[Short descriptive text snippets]

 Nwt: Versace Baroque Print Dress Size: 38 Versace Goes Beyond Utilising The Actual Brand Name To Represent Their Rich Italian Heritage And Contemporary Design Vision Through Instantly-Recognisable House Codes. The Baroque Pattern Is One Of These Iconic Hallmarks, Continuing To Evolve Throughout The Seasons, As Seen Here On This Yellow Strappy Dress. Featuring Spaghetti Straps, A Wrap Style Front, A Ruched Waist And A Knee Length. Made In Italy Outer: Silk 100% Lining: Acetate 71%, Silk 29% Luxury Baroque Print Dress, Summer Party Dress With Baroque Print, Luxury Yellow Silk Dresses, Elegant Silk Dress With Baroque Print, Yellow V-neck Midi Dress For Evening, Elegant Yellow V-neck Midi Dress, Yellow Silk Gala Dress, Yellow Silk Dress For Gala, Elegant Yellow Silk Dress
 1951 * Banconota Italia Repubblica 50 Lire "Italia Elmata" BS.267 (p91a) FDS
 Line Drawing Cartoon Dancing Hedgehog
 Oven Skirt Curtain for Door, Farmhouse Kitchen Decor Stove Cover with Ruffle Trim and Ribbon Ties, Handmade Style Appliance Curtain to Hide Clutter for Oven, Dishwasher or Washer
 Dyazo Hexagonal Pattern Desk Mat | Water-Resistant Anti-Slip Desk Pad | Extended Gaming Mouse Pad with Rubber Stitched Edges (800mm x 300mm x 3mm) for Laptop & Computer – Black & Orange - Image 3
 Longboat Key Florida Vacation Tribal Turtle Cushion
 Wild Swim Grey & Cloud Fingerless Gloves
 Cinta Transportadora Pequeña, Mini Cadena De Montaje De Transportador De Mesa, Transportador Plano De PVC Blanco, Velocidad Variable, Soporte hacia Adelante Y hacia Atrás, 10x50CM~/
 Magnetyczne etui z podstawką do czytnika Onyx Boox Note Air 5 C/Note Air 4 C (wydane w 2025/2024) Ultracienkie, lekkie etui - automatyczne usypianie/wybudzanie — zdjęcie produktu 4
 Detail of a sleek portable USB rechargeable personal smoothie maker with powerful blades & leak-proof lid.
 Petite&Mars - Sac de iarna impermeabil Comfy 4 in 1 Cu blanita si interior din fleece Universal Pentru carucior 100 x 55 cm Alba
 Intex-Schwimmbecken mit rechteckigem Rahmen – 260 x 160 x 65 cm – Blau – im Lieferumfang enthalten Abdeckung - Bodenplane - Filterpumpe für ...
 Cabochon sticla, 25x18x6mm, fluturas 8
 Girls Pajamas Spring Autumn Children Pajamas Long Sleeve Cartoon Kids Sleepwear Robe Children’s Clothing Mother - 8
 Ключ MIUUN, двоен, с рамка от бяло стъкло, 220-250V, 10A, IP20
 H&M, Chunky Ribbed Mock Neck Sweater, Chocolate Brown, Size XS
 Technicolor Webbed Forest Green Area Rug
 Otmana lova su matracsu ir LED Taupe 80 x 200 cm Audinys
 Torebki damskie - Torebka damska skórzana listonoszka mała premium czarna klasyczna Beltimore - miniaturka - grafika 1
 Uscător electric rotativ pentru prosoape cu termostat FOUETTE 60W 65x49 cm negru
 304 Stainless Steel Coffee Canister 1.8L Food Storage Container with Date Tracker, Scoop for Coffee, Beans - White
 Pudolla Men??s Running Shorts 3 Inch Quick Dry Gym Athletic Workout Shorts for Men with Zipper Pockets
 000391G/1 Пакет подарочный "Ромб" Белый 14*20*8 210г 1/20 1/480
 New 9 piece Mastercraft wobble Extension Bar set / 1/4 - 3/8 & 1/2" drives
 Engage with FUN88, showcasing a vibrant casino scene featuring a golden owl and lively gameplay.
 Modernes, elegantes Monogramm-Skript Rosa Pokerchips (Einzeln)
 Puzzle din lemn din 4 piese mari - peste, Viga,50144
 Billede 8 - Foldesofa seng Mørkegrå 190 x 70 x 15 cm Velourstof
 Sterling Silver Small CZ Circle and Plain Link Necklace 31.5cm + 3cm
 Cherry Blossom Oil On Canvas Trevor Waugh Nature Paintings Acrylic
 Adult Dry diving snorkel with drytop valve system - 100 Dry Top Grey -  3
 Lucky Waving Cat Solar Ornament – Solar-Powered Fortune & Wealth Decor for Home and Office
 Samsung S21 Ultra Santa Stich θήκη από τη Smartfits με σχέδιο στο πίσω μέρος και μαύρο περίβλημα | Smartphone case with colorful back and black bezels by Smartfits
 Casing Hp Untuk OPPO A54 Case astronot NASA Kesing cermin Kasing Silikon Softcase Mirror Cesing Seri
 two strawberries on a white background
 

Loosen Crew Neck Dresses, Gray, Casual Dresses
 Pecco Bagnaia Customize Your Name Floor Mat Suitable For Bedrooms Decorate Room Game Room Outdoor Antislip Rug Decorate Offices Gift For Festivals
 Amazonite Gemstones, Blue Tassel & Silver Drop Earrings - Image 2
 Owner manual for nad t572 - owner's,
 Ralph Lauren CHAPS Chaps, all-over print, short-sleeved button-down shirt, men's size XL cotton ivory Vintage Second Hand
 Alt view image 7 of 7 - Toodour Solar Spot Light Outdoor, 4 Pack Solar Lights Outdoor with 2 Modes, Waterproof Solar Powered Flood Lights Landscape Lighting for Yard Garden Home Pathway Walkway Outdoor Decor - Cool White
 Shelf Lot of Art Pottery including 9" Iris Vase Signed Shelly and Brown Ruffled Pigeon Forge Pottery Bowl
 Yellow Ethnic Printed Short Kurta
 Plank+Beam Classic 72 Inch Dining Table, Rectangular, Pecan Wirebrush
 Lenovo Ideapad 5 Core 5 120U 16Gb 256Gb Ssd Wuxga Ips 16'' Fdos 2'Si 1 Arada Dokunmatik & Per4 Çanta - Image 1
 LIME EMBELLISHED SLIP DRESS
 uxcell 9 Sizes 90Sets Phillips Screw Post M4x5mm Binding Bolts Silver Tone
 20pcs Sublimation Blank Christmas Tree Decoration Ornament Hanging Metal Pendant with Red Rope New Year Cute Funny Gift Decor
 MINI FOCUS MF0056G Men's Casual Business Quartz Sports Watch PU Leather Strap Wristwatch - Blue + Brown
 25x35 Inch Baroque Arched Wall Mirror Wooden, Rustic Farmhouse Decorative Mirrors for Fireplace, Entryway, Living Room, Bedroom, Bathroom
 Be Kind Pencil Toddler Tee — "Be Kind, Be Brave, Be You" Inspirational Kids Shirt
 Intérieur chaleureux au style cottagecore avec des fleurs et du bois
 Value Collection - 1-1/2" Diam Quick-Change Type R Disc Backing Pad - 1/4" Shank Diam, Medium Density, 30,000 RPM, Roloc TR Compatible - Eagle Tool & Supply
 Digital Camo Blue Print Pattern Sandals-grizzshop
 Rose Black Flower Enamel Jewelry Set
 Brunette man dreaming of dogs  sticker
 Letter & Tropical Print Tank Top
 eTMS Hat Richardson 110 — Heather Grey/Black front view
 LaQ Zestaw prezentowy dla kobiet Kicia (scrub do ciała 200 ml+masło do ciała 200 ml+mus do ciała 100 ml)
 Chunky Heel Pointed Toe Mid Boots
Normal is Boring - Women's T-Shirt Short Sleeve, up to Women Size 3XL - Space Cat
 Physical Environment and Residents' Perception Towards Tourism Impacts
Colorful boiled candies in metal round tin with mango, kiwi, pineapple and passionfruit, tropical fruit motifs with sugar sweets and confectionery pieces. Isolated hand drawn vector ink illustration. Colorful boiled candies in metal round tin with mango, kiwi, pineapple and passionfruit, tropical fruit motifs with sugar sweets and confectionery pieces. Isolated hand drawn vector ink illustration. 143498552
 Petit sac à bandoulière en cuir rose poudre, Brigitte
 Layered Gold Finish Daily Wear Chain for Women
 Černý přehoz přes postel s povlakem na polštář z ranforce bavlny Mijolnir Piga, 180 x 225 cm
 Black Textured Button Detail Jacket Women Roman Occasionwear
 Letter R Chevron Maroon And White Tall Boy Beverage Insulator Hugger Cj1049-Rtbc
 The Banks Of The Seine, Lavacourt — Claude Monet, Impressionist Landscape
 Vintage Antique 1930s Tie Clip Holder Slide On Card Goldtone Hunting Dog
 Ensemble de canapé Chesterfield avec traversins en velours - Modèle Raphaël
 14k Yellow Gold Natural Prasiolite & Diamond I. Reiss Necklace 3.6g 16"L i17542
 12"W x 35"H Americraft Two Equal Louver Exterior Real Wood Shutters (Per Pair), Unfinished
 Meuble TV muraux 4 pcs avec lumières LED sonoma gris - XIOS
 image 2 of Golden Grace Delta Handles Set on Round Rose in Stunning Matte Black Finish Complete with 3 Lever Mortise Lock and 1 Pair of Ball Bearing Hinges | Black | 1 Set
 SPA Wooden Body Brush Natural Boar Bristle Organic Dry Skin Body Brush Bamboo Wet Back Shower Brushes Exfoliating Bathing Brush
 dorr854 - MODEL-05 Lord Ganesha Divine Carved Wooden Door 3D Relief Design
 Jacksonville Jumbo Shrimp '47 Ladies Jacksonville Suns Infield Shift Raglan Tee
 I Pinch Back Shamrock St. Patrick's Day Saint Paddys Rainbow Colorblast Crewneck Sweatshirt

[Try it] Quote, with nothing altered, all lines from the start of the entries to the line that carries "Wild Swim Grey & Cloud Fingerless Gloves", inclusive.

[Completed task]
 Nwt: Versace Baroque Print Dress Size: 38 Versace Goes Beyond Utilising The Actual Brand Name To Represent Their Rich Italian Heritage And Contemporary Design Vision Through Instantly-Recognisable House Codes. The Baroque Pattern Is One Of These Iconic Hallmarks, Continuing To Evolve Throughout The Seasons, As Seen Here On This Yellow Strappy Dress. Featuring Spaghetti Straps, A Wrap Style Front, A Ruched Waist And A Knee Length. Made In Italy Outer: Silk 100% Lining: Acetate 71%, Silk 29% Luxury Baroque Print Dress, Summer Party Dress With Baroque Print, Luxury Yellow Silk Dresses, Elegant Silk Dress With Baroque Print, Yellow V-neck Midi Dress For Evening, Elegant Yellow V-neck Midi Dress, Yellow Silk Gala Dress, Yellow Silk Dress For Gala, Elegant Yellow Silk Dress
 1951 * Banconota Italia Repubblica 50 Lire "Italia Elmata" BS.267 (p91a) FDS
 Line Drawing Cartoon Dancing Hedgehog
 Oven Skirt Curtain for Door, Farmhouse Kitchen Decor Stove Cover with Ruffle Trim and Ribbon Ties, Handmade Style Appliance Curtain to Hide Clutter for Oven, Dishwasher or Washer
 Dyazo Hexagonal Pattern Desk Mat | Water-Resistant Anti-Slip Desk Pad | Extended Gaming Mouse Pad with Rubber Stitched Edges (800mm x 300mm x 3mm) for Laptop & Computer – Black & Orange - Image 3
 Longboat Key Florida Vacation Tribal Turtle Cushion
 Wild Swim Grey & Cloud Fingerless Gloves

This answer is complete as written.